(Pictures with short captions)

--------------------------------------------------

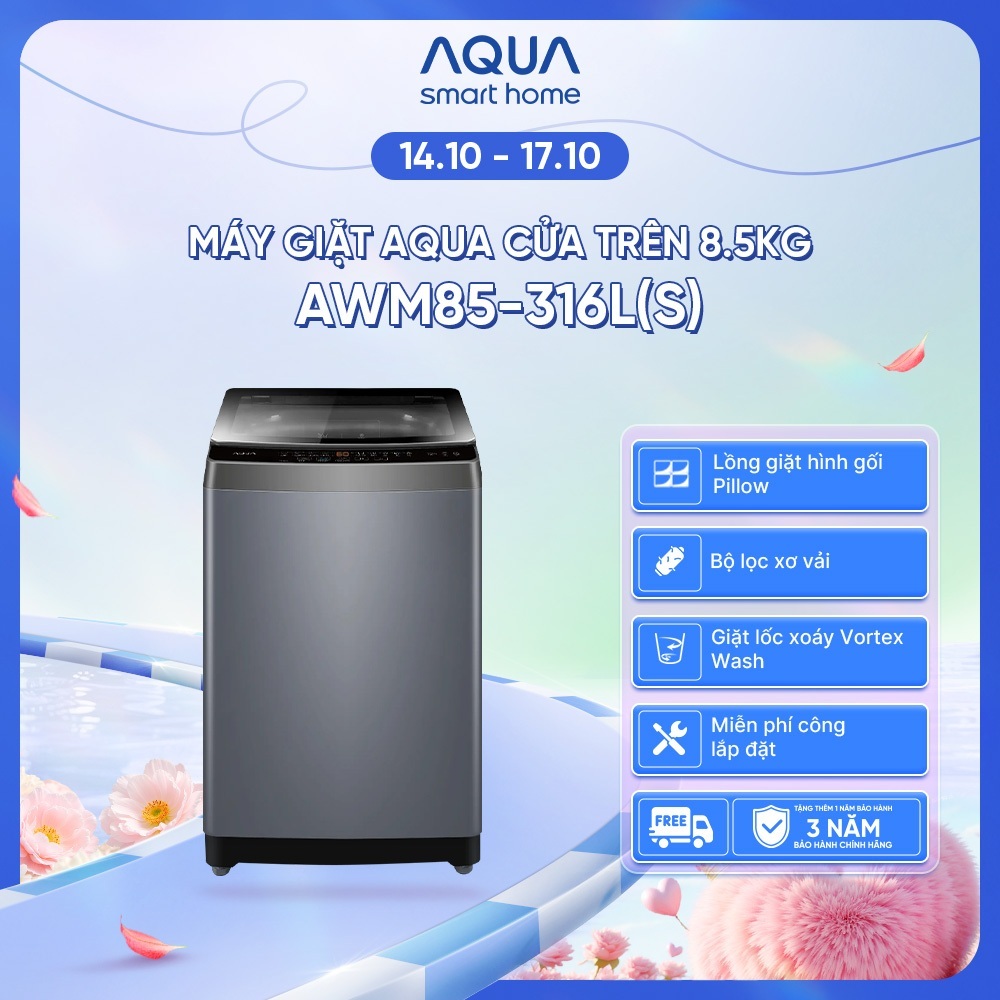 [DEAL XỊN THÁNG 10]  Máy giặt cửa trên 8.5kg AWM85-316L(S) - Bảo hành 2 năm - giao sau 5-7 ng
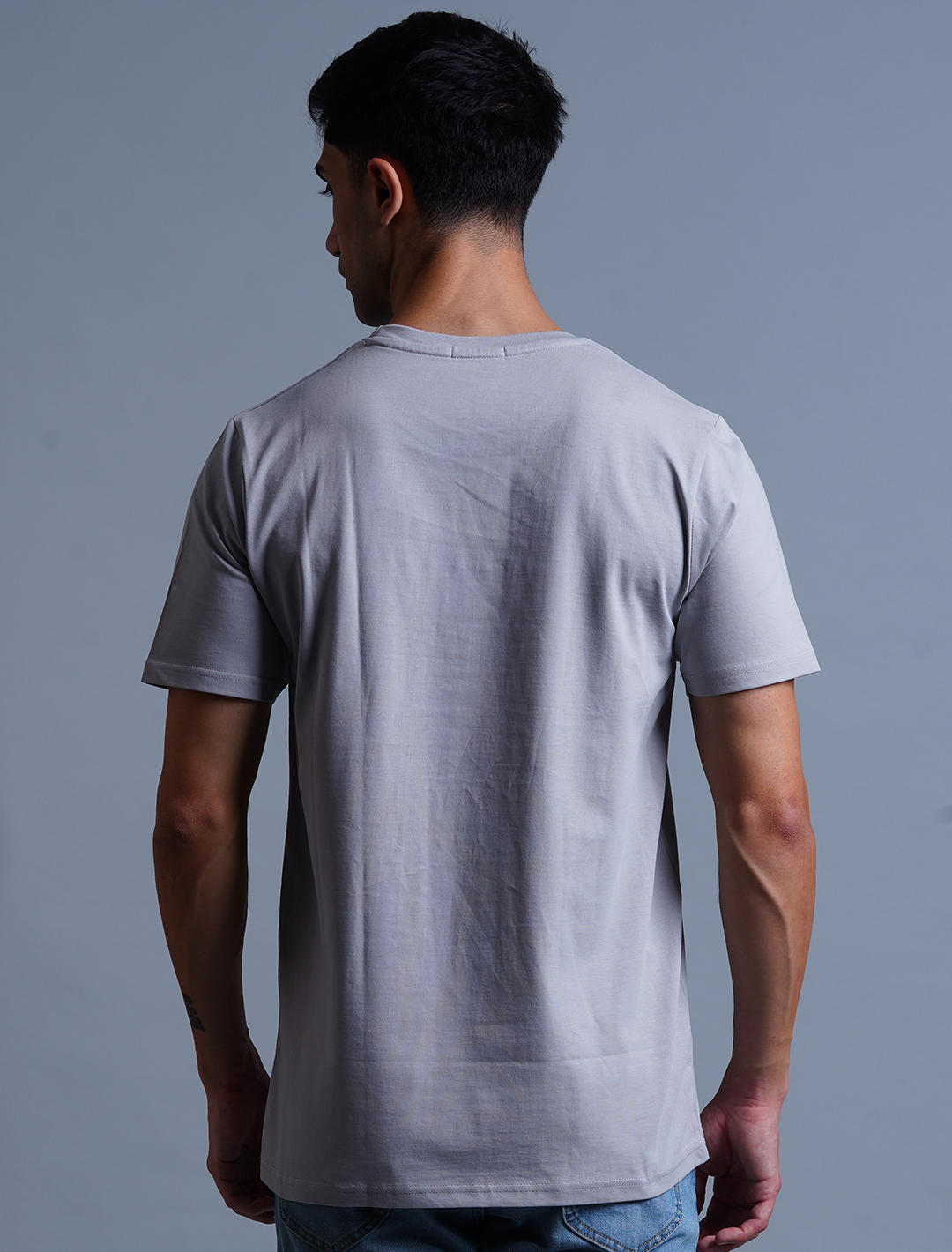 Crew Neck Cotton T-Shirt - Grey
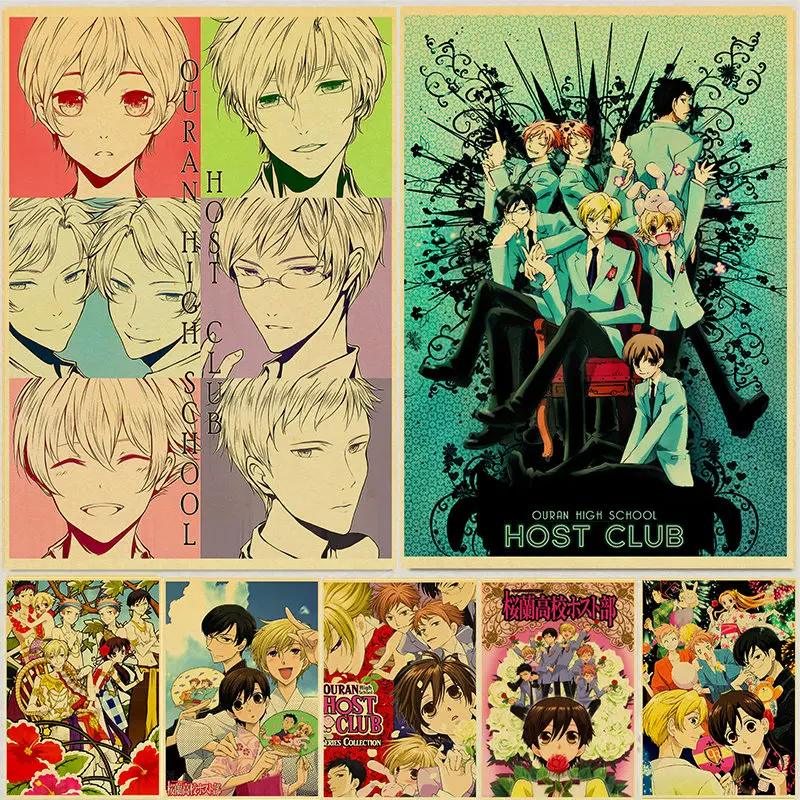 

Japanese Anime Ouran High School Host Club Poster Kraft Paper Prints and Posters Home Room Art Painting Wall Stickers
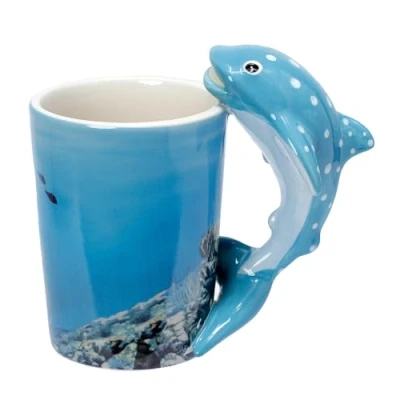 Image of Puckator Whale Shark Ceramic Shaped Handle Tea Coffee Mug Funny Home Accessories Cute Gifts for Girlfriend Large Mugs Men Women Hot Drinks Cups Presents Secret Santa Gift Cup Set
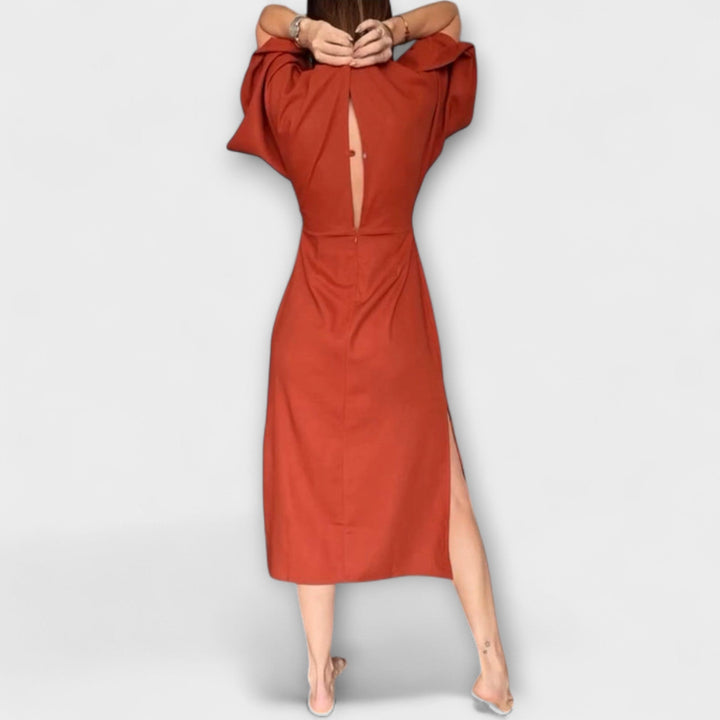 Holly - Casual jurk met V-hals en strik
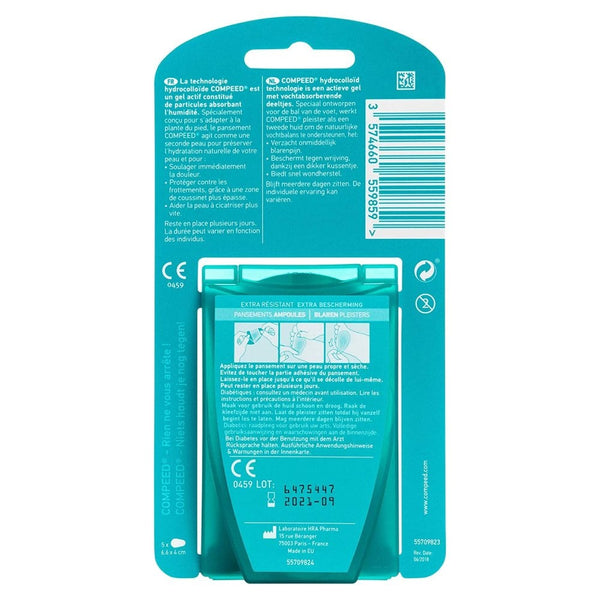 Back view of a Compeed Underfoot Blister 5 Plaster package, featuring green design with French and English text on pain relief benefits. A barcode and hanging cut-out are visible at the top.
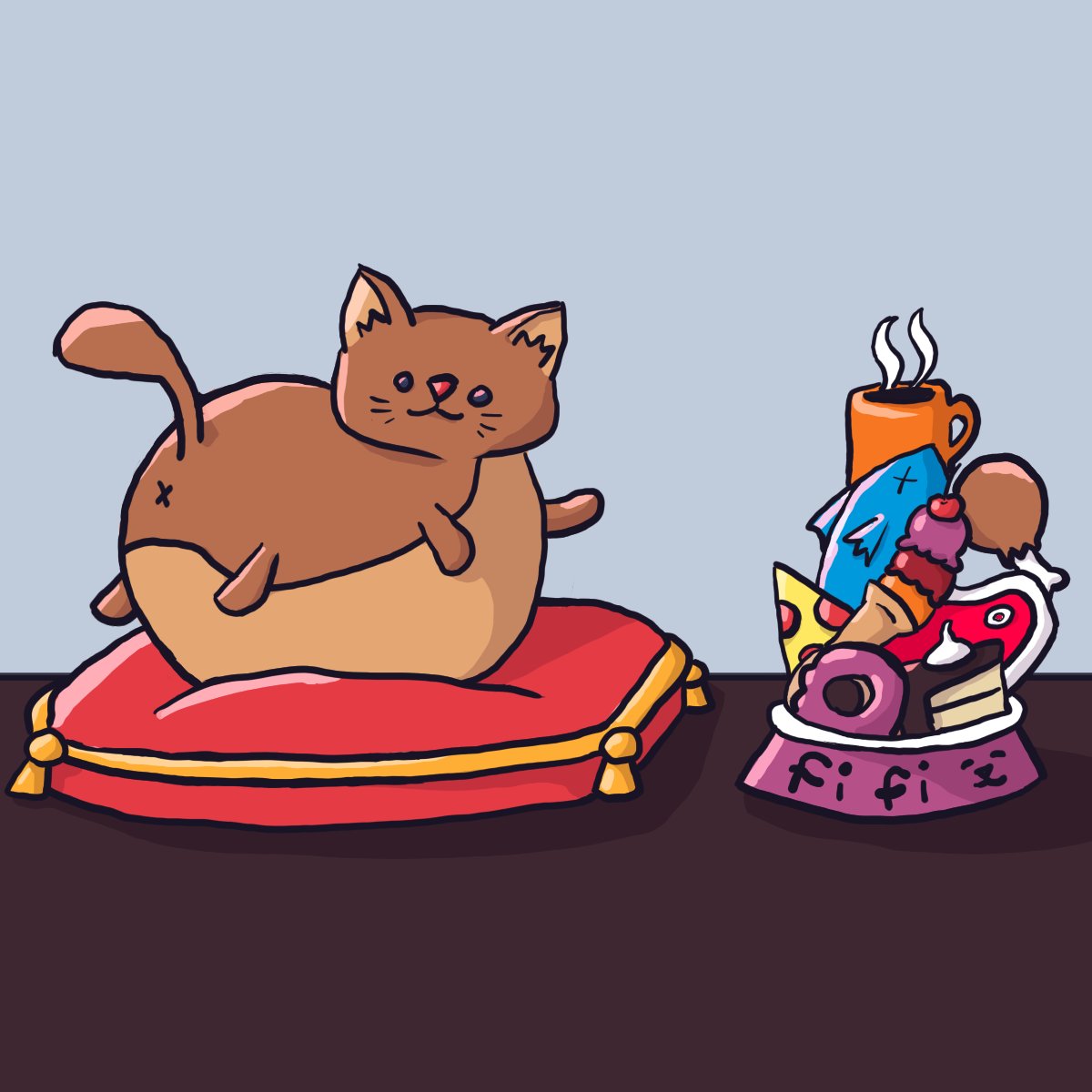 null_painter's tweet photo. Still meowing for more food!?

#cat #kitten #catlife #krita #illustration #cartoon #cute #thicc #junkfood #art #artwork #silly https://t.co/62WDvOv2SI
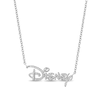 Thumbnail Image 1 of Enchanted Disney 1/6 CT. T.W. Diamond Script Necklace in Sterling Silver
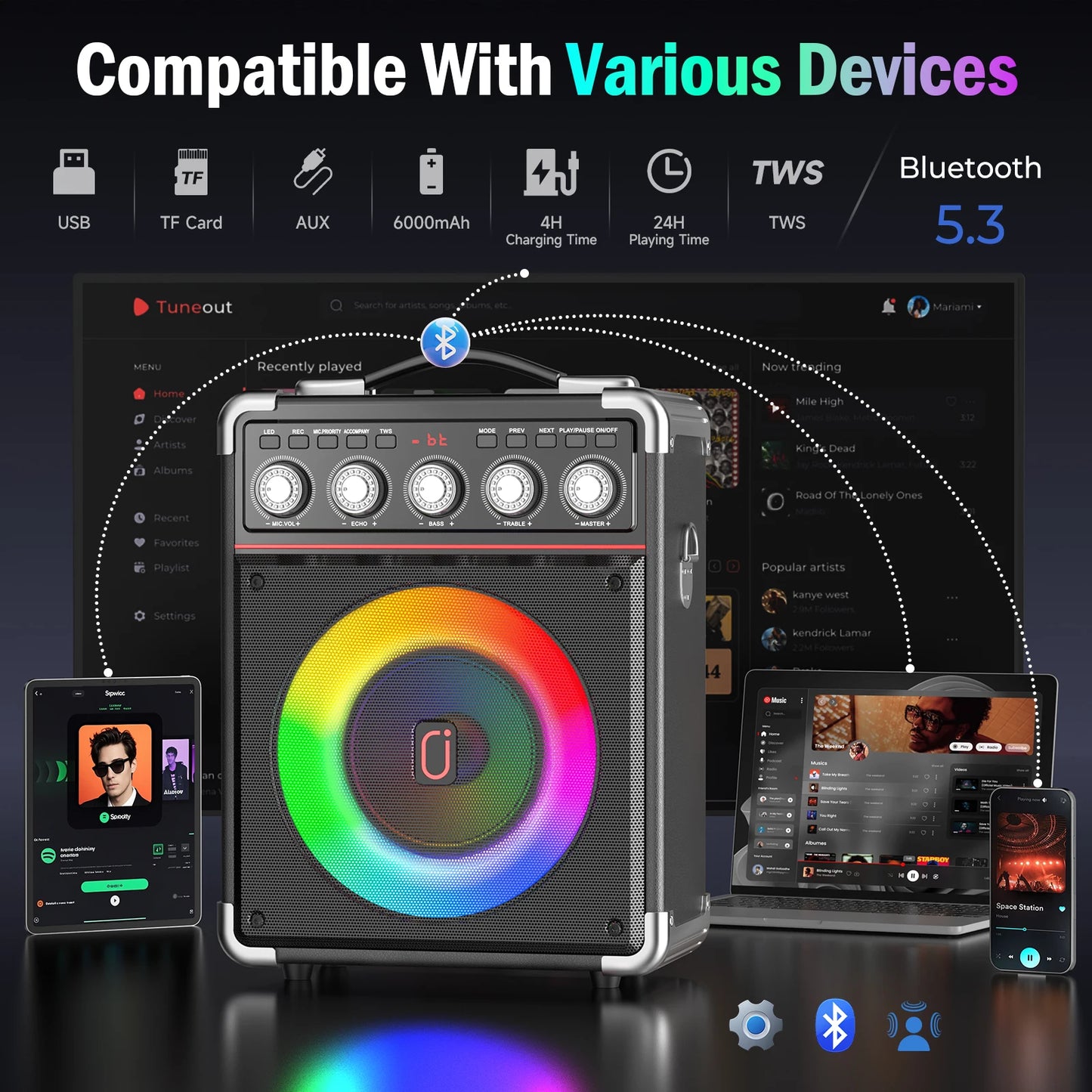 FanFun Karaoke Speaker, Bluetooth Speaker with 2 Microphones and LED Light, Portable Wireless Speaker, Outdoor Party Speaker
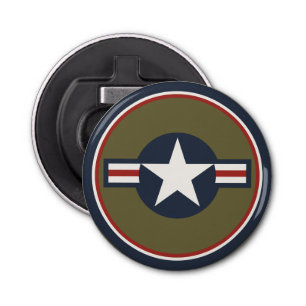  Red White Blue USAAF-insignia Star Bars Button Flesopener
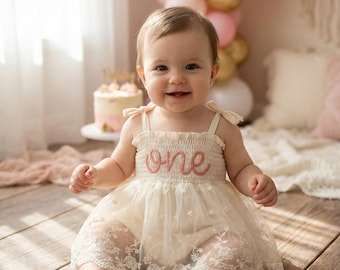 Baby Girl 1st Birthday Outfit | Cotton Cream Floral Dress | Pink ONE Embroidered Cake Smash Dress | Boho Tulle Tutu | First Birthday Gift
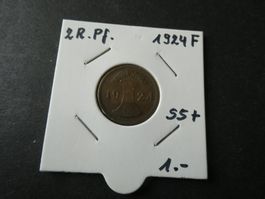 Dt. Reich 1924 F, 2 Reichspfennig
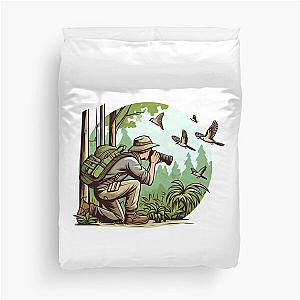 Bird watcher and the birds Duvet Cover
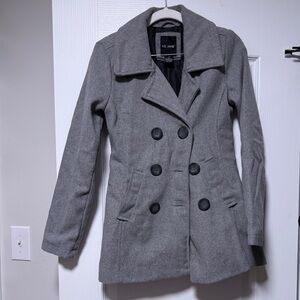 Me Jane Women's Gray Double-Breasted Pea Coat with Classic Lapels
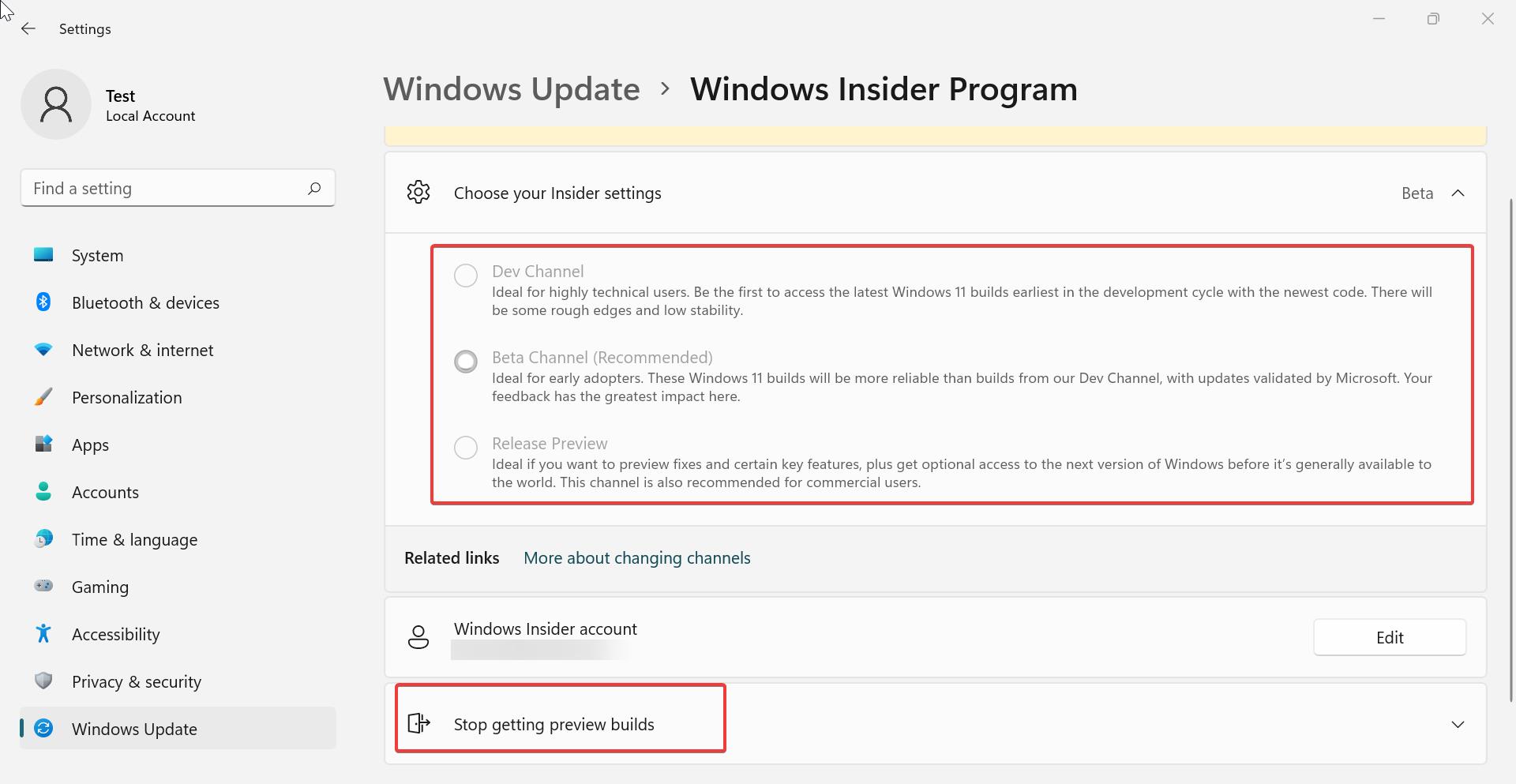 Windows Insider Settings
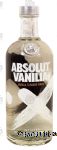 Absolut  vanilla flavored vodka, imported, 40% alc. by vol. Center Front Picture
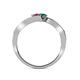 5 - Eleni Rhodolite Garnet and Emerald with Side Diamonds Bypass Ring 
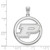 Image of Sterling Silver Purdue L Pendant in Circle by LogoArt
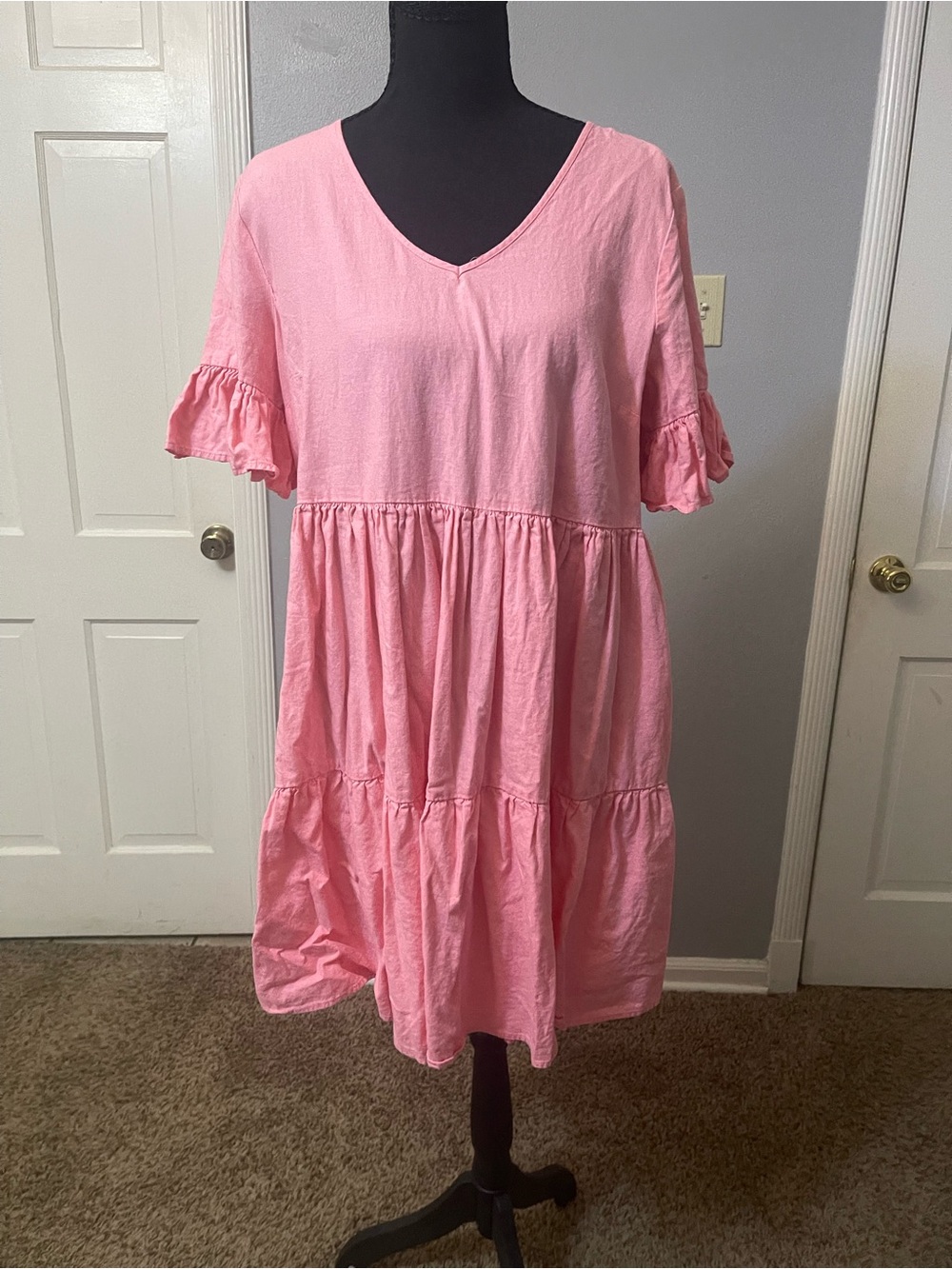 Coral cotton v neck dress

--------------------------------------------------

Without any of the pictures, repeat the entries above word for word.

== ANSWER SECTION ==
 [DEAL XỊN THÁNG 10]  Máy giặt cửa trên 8.5kg AWM85-316L(S) - Bảo hành 2 năm - giao sau 5-7 ng
 Crew Neck Cotton T-Shirt - Grey

Japanese Anime Ouran High School Host Club Poster Kraft Paper Prints and Posters Home Room Art Painting Wall Stickers
 Image of Puckator Whale Shark Ceramic Shaped Handle Tea Coffee Mug Funny Home Accessories Cute Gifts for Girlfriend Large Mugs Men Women Hot Drinks Cups Presents Secret Santa Gift Cup Set
 Holly - Casual jurk met V-hals en strik
 Back view of a Compeed Underfoot Blister 5 Plaster package, featuring green design with French and English text on pain relief benefits. A barcode and hanging cut-out are visible at the top.
 null_painter's tweet photo. Still meowing for more food!?

#cat #kitten #catlife #krita #illustration #cartoon #cute #thicc #junkfood #art #artwork #silly https://t.co/62WDvOv2SI
 Thumbnail Image 1 of Enchanted Disney 1/6 CT. T.W. Diamond Script Necklace in Sterling Silver
 FanFun Karaoke Speaker, Bluetooth Speaker with 2 Microphones and LED Light, Portable Wireless Speaker, Outdoor Party Speaker
  Red White Blue USAAF-insignia Star Bars Button Flesopener
 Baby Girl 1st Birthday Outfit | Cotton Cream Floral Dress | Pink ONE Embroidered Cake Smash Dress | Boho Tulle Tutu | First Birthday Gift
 Dt. Reich 1924 F, 2 Reichspfennig
 Bird watcher and the birds Duvet Cover
 Me Jane Women's Gray Double-Breasted Pea Coat with Classic Lapels
 Windows Insider Settings
 Absolut  vanilla flavored vodka, imported, 40% alc. by vol. Center Front Picture
 5 - Eleni Rhodolite Garnet and Emerald with Side Diamonds Bypass Ring 
 Image of Sterling Silver Purdue L Pendant in Circle by LogoArt
 Coral cotton v neck dress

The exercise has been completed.